[#2]
Re: Podcast AmiWigilia - odcinek #6
Przesłuchane. Gość znany, ceniony i mówił sensownie. Chociaż przyznam, że ze dwa razy mocno się z Adamem nie zgodziłem. Na przykład stwierdzenie "na Amidze z 68k zrobimy więcej" mogę potraktować tylko jako żart. :)
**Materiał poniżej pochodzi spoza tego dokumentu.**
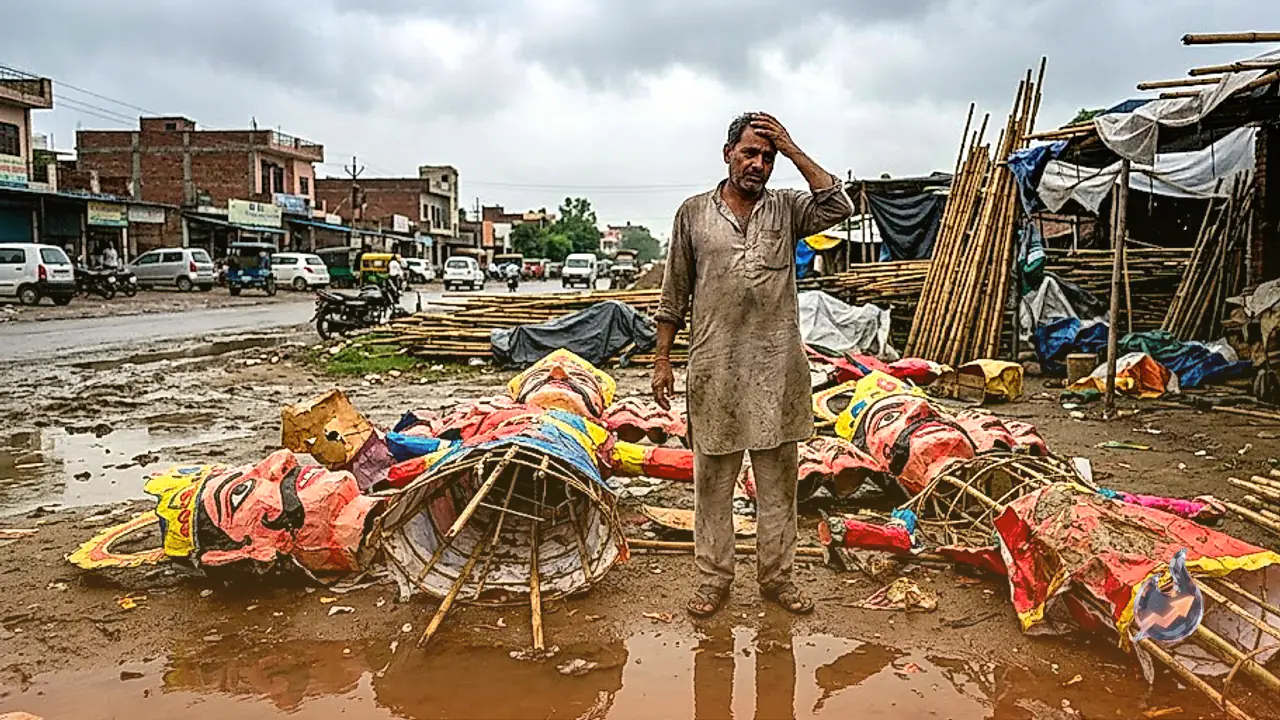 फरीदाबाद में बेमौसम बारिश से टूटे रावण बनाने वाले कारीगरों के सपने, हजारों का नुकसान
Tak słuchałem tych gdybań o amigowym systemie, które brzmiały wręcz jak marzenia i trochę dziwnie się czułem. Dlaczego? Ano dlatego, że wiele z tych marzeń zmaterializowało się dawno temu i używam ich na codzień. Na przykład była uwaga o tym, że programista musi sam sobie poskładać środowisko do programowania. Hmmm... SDK dla MorphOSa 3.x jest od dawna zebrane, ładnie zorganizowane, posprzątane i absolutnie gotowe do użytku po stuprocentowo bezobsługowej instalacji. Odkąd jest w nim Scribble to naprawdę jest gotowe do używania. Jak na warunki amigowe jest naprawdę świetne.
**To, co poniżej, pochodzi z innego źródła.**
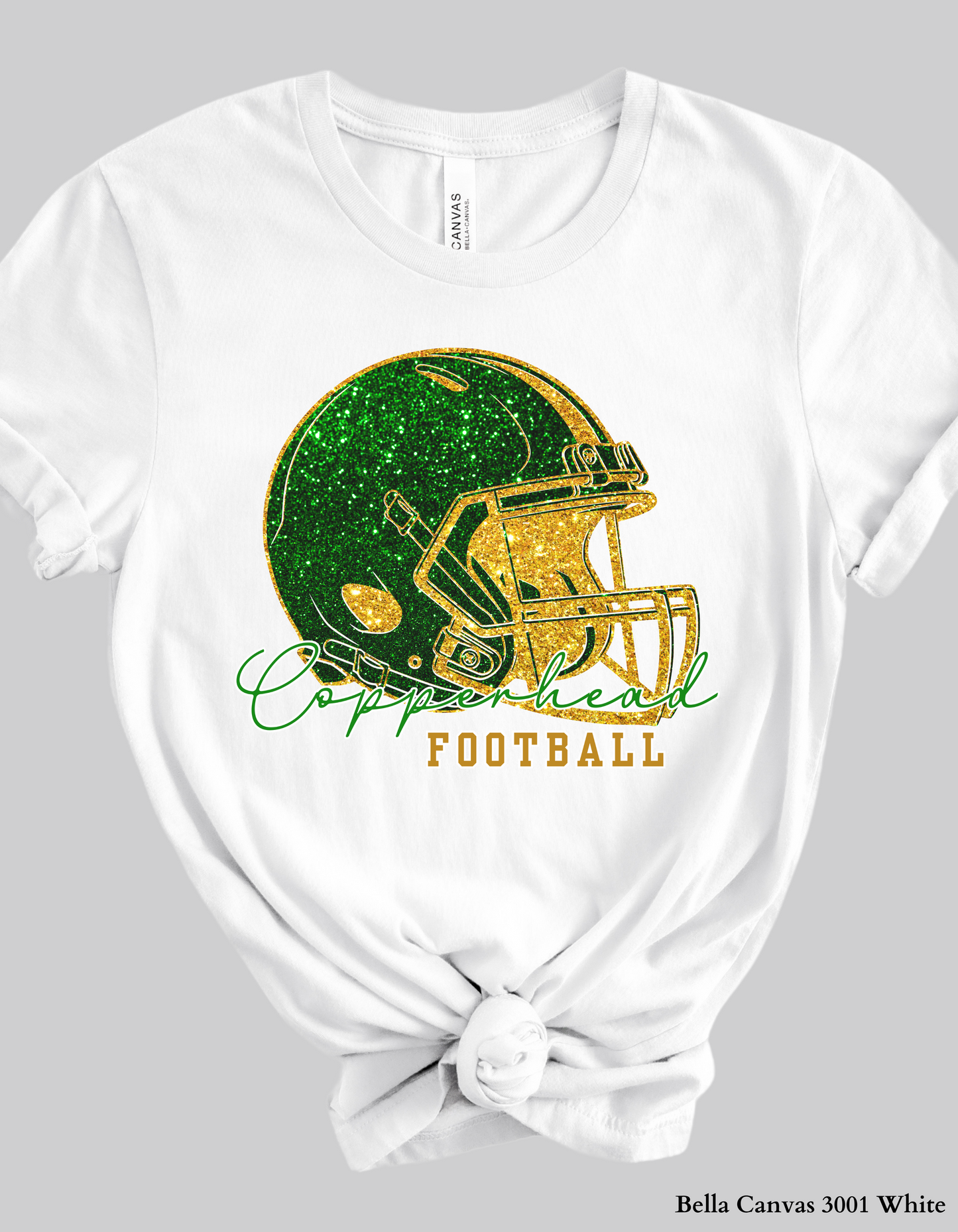 Catawba Ridge Copperheads Football Shirt – Faux Glitter Helmet Design (Game Day Spirit Tee or Sweatshirt)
Gdy słuchałem o tym całym składaniu AmigaOS 3.x z miliona pchełek i dodatków to też uświadomiłem sobie jak bardzo gotowy i kompletny jest MorphOS w porównaniu ze staroamigową kanapką. I tym razem mam na myśli tutaj programową kanapkę (a nie sprzętową jak to zwykle określamy rozbudowane PRAWDZIWE Amigi). MorphOSa używam nieprzerwanie na codzień od 11 lat i naprawdę zapomniałem już jak bardzo "porozwalany" był AmigaOS 3.1 skonfigurowany/rozbudowany tak żeby nadawał się do użytku.
Pamiętam, że w czasach gdy amigowałem na PRAWDZIWEJ Amidze, ludzie polewali z AmigaOS 3.5 i 3.9. A ja właściwie nie wiem dlaczego. To właśnie z AmigaOS 3.1 powinno się polewać, bo to było wręcz skandalem, że w takiej formie był od sprzedawany. To był tylko najbardziej zminimalizowany trzon systemu. Skoro AmigaOS 4.0 ciągle nie było to właśnie dobrym krokiem było poskładanie tego co AmigaOS 3.1 zawierać powinien, a czego nie zawierał i sprzedaż tego na płycie. Oczywiście dla staroamigowych wyjadaczy kupno AmigaOS 3.5/3.9 było prawie bez sensu, bo oni od dawna używali własnoręcznie poskładanych wersji AmigaOS, które dorównywały albo przewyższały te niby nowe wersje. Ale tak czy siak odświeżyć to trzeba było. Nawet w tak trochę śmieszny sposób (skoro nie było innej możliwości).
Co do książek to jestem bardzo zainteresowany książką o historii Amigi i na pewno ją kupię jak tylko wyjdzie i bez względu na recenzje. :) Pozostałe pozycje są dla mnie zbyt retro/classic. Ale trzymam kciuki za powodzenie każdego przedsięwzięcia, bo wszystkie są godne pochwały.